**Data provided**
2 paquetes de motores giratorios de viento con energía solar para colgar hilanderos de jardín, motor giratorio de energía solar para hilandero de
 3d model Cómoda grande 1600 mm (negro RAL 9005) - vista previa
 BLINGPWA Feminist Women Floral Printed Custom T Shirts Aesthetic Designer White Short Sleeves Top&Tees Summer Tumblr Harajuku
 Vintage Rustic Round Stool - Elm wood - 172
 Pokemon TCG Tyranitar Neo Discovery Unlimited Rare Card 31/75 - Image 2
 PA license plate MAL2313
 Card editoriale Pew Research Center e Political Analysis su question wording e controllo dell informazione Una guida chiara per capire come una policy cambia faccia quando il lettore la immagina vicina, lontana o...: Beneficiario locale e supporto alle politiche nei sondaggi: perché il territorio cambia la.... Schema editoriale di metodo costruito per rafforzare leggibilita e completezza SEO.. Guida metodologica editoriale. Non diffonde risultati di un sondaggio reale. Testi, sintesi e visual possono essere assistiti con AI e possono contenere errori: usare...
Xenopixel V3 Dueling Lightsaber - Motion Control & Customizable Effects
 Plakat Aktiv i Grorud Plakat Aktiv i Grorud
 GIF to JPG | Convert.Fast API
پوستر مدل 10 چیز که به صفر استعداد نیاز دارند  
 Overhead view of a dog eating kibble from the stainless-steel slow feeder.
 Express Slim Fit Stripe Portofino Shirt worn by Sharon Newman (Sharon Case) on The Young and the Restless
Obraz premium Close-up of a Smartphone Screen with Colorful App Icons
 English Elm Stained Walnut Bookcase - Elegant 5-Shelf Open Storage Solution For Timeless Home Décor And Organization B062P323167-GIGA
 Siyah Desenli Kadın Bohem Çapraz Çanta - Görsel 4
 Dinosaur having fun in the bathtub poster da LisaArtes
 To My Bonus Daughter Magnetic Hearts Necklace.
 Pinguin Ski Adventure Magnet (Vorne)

**Problem to work on**
Go line by line through the data, copying each one that contains the word "Card".

**Solution to this problem**
 Pokemon TCG Tyranitar Neo Discovery Unlimited Rare Card 31/75 - Image 2
 Card editoriale Pew Research Center e Political Analysis su question wording e controllo dell informazione Una guida chiara per capire come una policy cambia faccia quando il lettore la immagina vicina, lontana o...: Beneficiario locale e supporto alle politiche nei sondaggi: perché il territorio cambia la.... Schema editoriale di metodo costruito per rafforzare leggibilita e completezza SEO.. Guida metodologica editoriale. Non diffonde risultati di un sondaggio reale. Testi, sintesi e visual possono essere assistiti con AI e possono contenere errori: usare...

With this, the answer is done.